Given the Braves' 6-0 loss to the Rockies, those who stayed home probably felt OK with their decision. And they can also take comfort that they had plenty of company on their couch with the low attendance numbers posted around the league. While there were a few notable exceptions — San Francisco and Los Angeles both drew over 40,000, St. Louis attracted its usual strong crowd with over 34,000 — most of the games involving contending teams featured figures more in line with a wet night in late April than a down-the-stretch contest in early September.
Here are the numbers from the 11 games that featured a contender as the home team:
Arizona at San Francisco — 41,238
San Diego at Los Angeles — 40,619
New York at St. Louis — 34,108
Cleveland at Detroit — 27,729
Philadelphia at Cincinnati — 17,806
New York at Tampa Bay — 17,652
Chicago at Washington — 17,648
Colorado at Atlanta — 16,686
Minnesota at Chicago — 15,698
Houston at Pittsburgh — 12,785
Los Angeles at Oakland — 11,688
It's here where we're supposed to point out the usual litany of explanations. Tuesday was the night after a holiday, it was a school night and it's really nice to watch a pennant race from your couch while also being able to track the other action from your laptop or smartphone. As CSN's Mark Zuckerman points out, season ticket bases in all of the cities in question are less than robust and it's going to take more than one run to build those up. What's also worth noting is that a lot of fans may have already spent their ballpark budgets by attending games over the summer. If you can only afford to go to one or two games per year, are you going to attend the fireworks night on a summer weekend or the run-of-the-mill no-promotional item game on a random night in September? People are looking for the biggest bang for their buck.
Truth be told, we're never going to see a September filled with packed houses each night from some markets. Two years ago, we took a look at Cincinnati's attendance history and found that not even the Reds' past World Series champions drew well in September. There's no way it's going to be better in the year 2012 or in the future as people have thousands of more ways to fill their time as well as an at-home viewing experience that's hard to top. (Lest we forget, baseball's new wave of prosperity is being fueled by huge television contracts that are driven by excellent ratings.)

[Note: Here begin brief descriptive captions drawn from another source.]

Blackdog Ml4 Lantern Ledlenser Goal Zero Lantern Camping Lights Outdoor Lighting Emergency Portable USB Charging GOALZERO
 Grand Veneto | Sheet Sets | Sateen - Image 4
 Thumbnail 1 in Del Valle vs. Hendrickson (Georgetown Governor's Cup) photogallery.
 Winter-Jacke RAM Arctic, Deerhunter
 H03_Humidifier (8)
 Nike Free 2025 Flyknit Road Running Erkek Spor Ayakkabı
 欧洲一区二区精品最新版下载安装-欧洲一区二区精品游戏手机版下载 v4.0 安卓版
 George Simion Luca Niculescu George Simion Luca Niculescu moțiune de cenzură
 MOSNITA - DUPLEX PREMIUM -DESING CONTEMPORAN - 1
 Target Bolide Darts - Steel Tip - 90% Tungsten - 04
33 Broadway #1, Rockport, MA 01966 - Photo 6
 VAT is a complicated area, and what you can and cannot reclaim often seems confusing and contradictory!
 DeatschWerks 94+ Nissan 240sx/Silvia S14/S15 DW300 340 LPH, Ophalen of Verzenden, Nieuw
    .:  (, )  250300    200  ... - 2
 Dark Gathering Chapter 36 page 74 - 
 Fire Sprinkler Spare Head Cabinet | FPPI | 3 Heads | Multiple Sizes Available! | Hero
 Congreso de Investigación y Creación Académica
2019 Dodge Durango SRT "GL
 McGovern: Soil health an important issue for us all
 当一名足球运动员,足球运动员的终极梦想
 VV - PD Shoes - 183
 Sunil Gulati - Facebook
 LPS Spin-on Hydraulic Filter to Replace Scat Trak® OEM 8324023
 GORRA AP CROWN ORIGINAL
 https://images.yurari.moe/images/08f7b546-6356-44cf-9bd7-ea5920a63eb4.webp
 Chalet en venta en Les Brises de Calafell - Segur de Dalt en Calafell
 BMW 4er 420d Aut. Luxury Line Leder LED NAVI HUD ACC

Indeed, I'm guessing the ever-improving home-viewing experience means that attendance totals are going to get worse in these markets before they ever get better. And while it makes for a less exciting broadcast to watch a pennant race game that features plenty of empty seats in the backdrop (as well as the absence of voices screaming and cheering for key moments), you certainly don't have room to complain — at least not if you're among the thousands unwilling to attend what has essentially become a live studio taping of a popular sports television show in many markets.